Task to carry out: Please reproduce the entries below exactly, leaving the pictures out.

Data for processing:
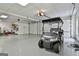 Spacious three car garage with a golf cart parked on the epoxy flooring at 605 St. Charles Pl, Fayetteville, GA 30215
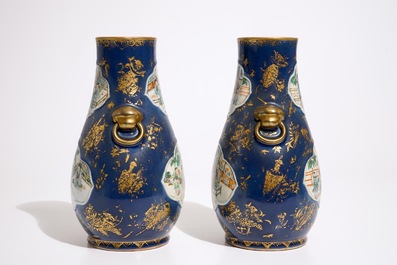 A pair of Chinese famille verte on powder blue and gilt ground vases, 19th C.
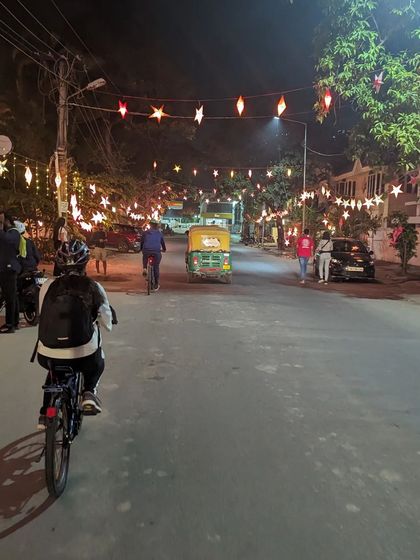 A rider cycles down a street beautifully decorated with Christmas stars. These festive rides add an extra layer of magic to our usual midnight explorations.
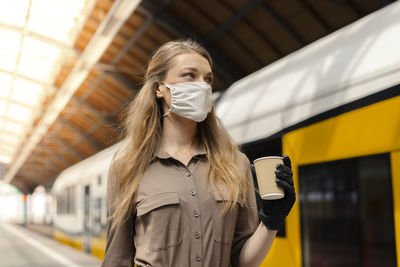 Woman wearing mask holding coffee while standing at railroad station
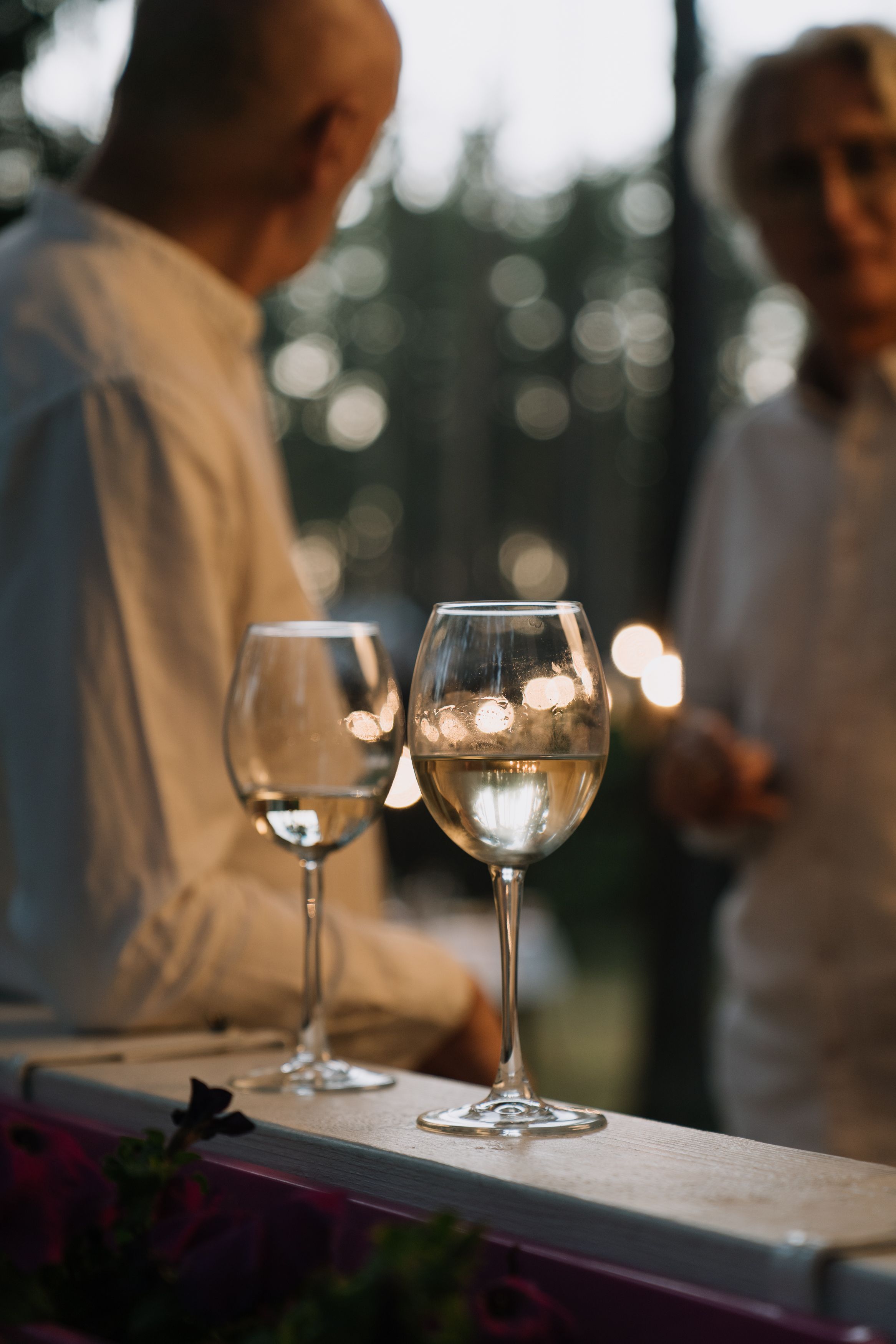 Dois copos de vinho branco num convívio ao entardecer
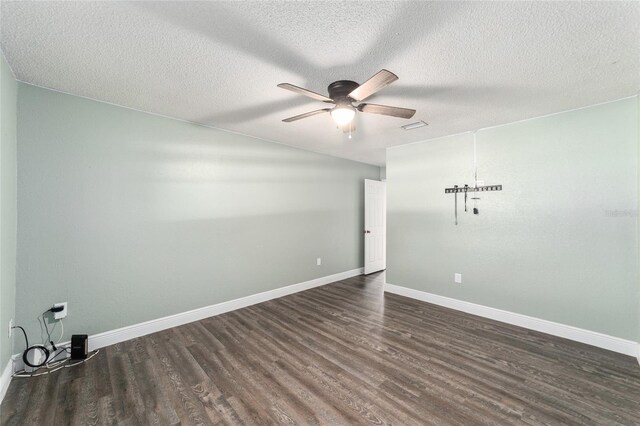 empty room featuring ceiling fan, a textured ceiling, and wood-type flooring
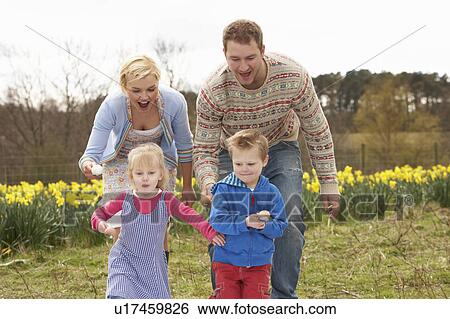 Stock Photograph - Family Having Egg And Spoon Race. Fotosearch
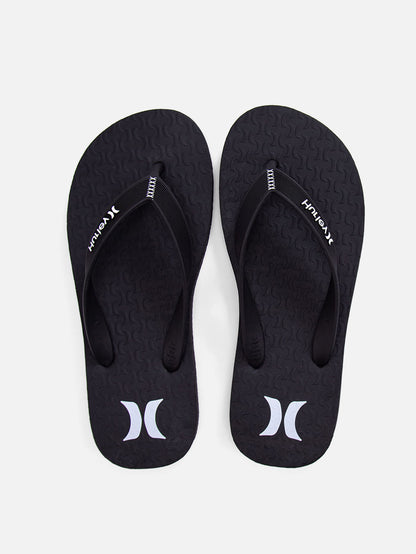Chinelo Hurley preto com tiras emborrachadas texturizadas, logo branco no solado e detalhe de costura decorativa nas tiras. Design simples e casual.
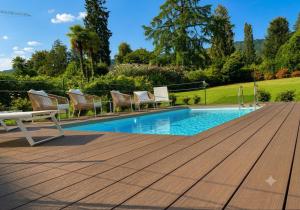 a swimming pool with chairs next to a wooden deck at Villa Valesca in Stresa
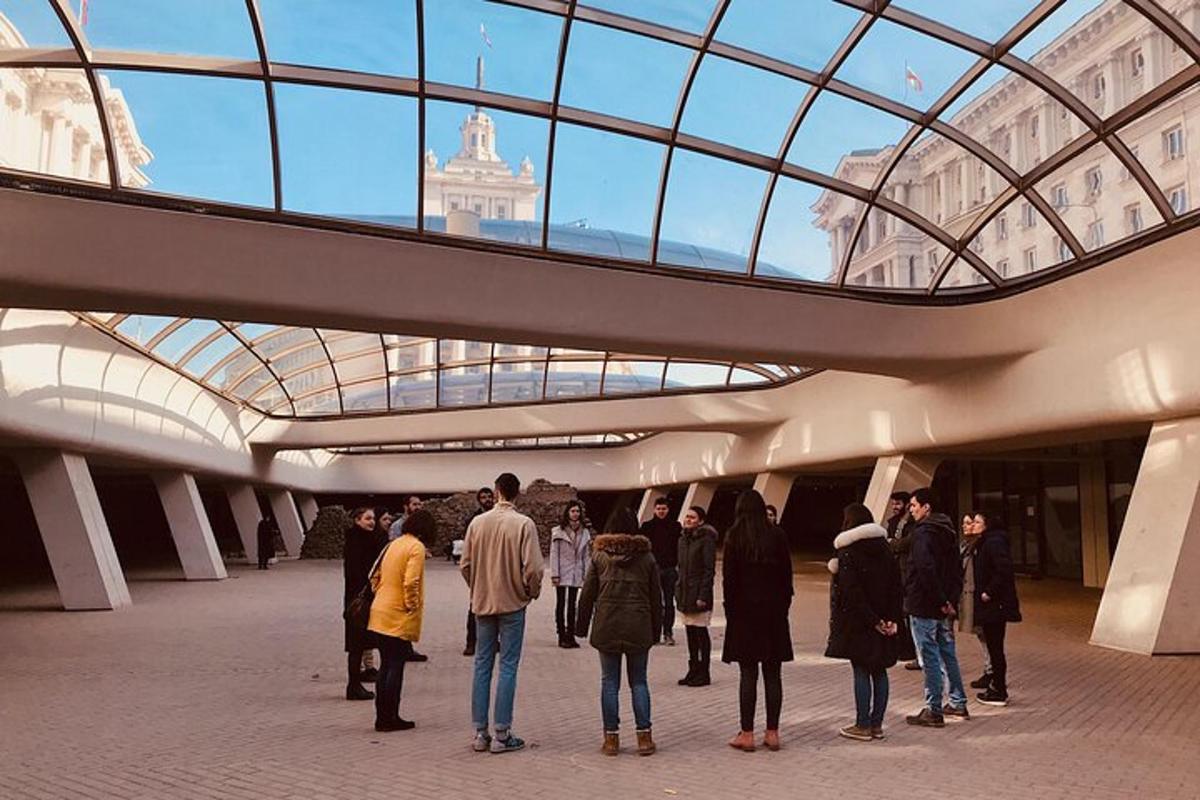 a group of people standing inside of a building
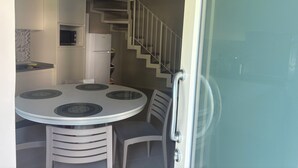 Une cuisine compacte comprenant un coin repas, un réfrigérateur et un escalier menant à l’étage supérieur.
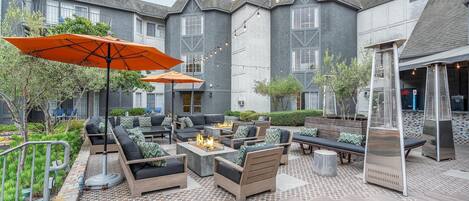 A courtyard with outdoor seating, fire pit, and string lights.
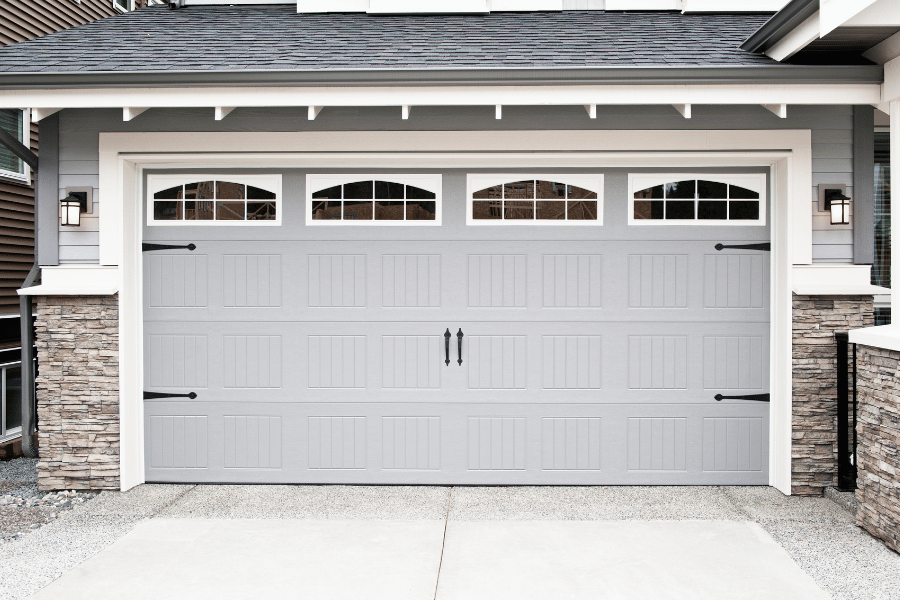 Garage Door on a home with windows and black features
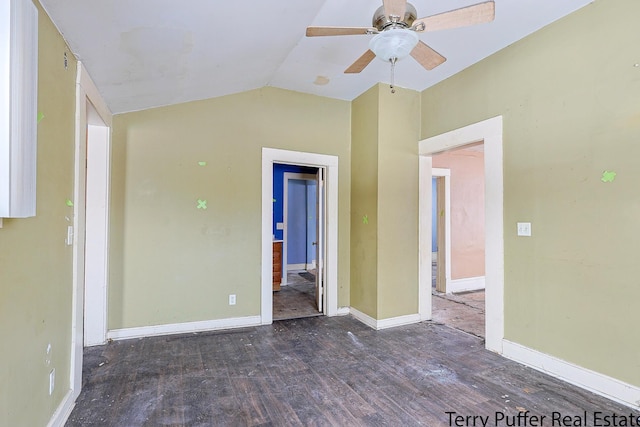 unfurnished room featuring dark wood-type flooring, lofted ceiling, and ceiling fan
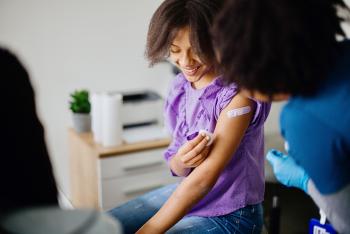 Young girl smiling after taking vaccine shot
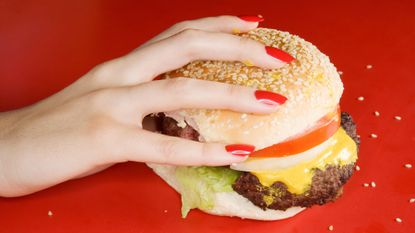 Lady's hand with red nails holding a hamburger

Exercise result:
 Spacious three car garage with a golf cart parked on the epoxy flooring at 605 St. Charles Pl, Fayetteville, GA 30215
 A pair of Chinese famille verte on powder blue and gilt ground vases, 19th C.
 A rider cycles down a street beautifully decorated with Christmas stars. These festive rides add an extra layer of magic to our usual midnight explorations.
 Woman wearing mask holding coffee while standing at railroad station
 Dois copos de vinho branco num convívio ao entardecer
 empty room featuring ceiling fan, a textured ceiling, and wood-type flooring
 Stock Photograph - Family Having Egg And Spoon Race. Fotosearch
Chinelo Hurley preto com tiras emborrachadas texturizadas, logo branco no solado e detalhe de costura decorativa nas tiras. Design simples e casual.
 a swimming pool with chairs next to a wooden deck at Villa Valesca in Stresa
 a group of people standing inside of a building
 Une cuisine compacte comprenant un coin repas, un réfrigérateur et un escalier menant à l’étage supérieur.
 A courtyard with outdoor seating, fire pit, and string lights.
 Garage Door on a home with windows and black features
 unfurnished room featuring dark wood-type flooring, lofted ceiling, and ceiling fan
 Young girl smiling after taking vaccine shot
 Lady's hand with red nails holding a hamburger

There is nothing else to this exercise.